Recent public health research indicates that nondaily smoking consists of a stable pattern of chronic low-level consumption and comprises about a quarter of all smokers (and growing) of varying age, ethnicity, socioeconomic status, and educational background. More importantly, public health research on nondaily smoking and internal, unpublished tobacco industry research on social smoking suggests that current tobacco-dependence treatment strategies based upon personal health risk and treatment of nicotine addiction may not be effective for this population of tobacco users. Both nondaily and social smokers may be more responsive to messages that focus on the harms their smoking poses to other nonsmoking friends or family members as a motivator to stop smoking.

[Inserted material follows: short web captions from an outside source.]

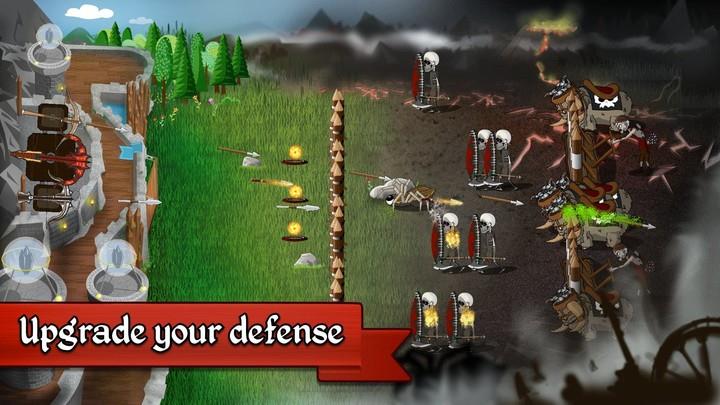 Grim Defender: Castle Defense Screenshot 1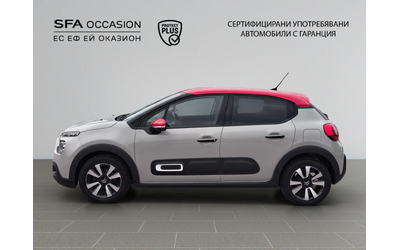 Citroen C3 SHINE PureTech 83 S&S BVM5 E6.4 - автомобили, коли, обяви за нови и употребявани 7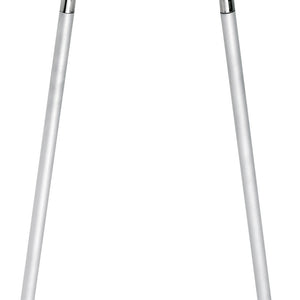 stopa uniwersalna do mostka termicznego; 42.5 cm (W); srebro; 2 sztuka / opakowanie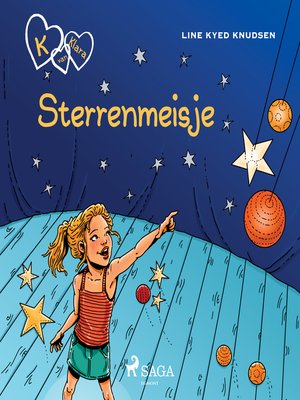 cover image of K van Klara 10--Sterrenmeisje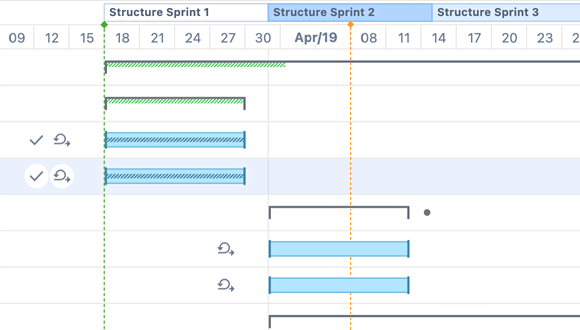 Structuregantt By Tempo Gantt Charts And Roadmaps For Jira Atlassian Marketplace 7606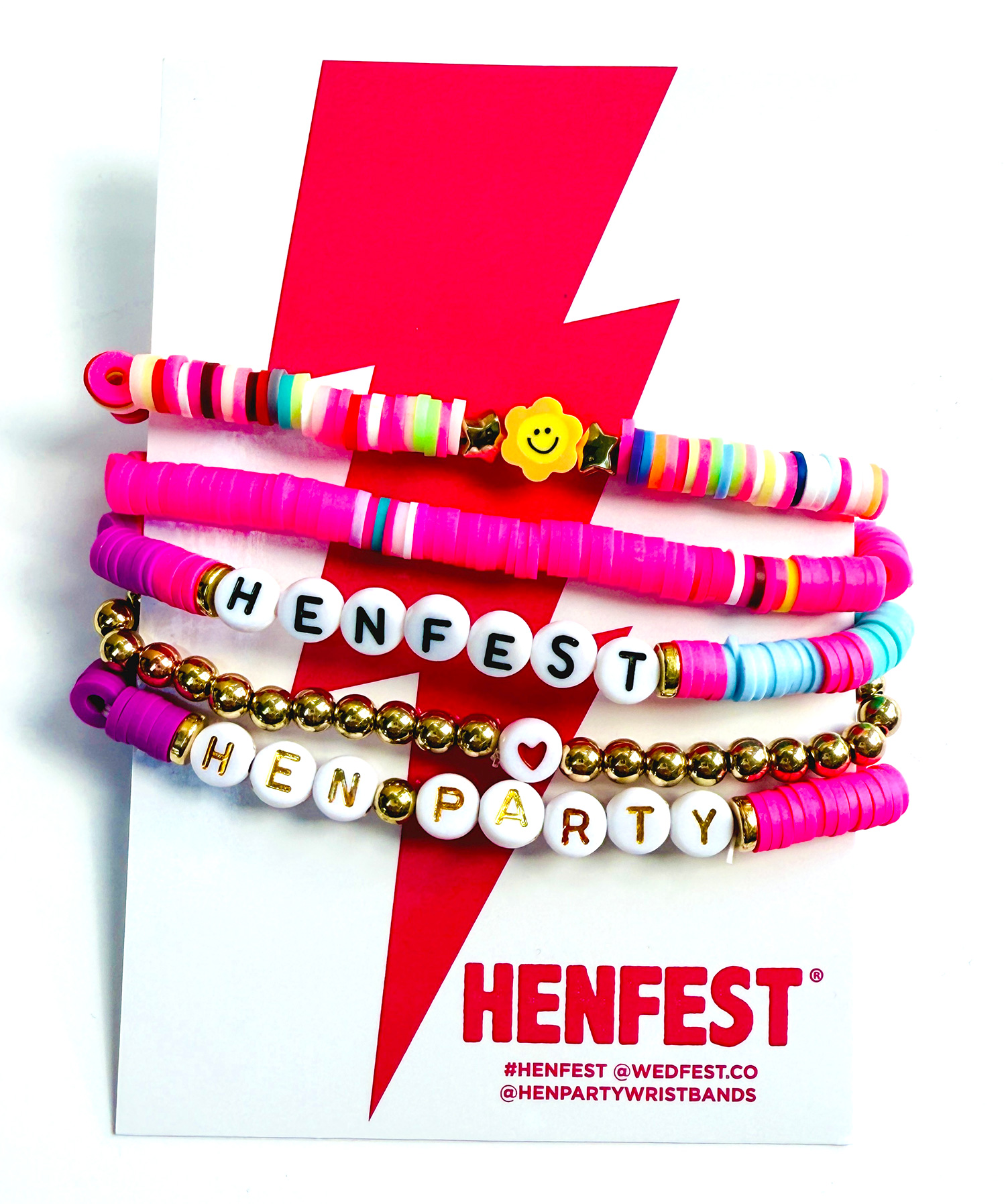 henfest hen do party friendship Bracelets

Information on nondaily and social smoking patterns contained above in this Tool Kit will hopefully improve the way clinicians screen and identify these groups. Clinicians will recognize that taking detailed smoking histories of their patients with focused questions involving smoking frequency and volume of consumption will allow for better identification of nondaily and social smoking patterns. Once identified, clinicians should realize that social smokers may be motivated to stop smoking by messages stressing the harm of secondhand smoke and by encouragement to break associations between social activities and tobacco use, rather than by messages that only focus on personal health risk or with pharmacotherapy. Clinician training programs must recognize nondaily and social smoking patterns as examples of chronic tobacco use that require proper identification and most likely different treatment approaches as part of the healthcare community’s commitment to providing effective treatments to enable our patients to become tobacco-free.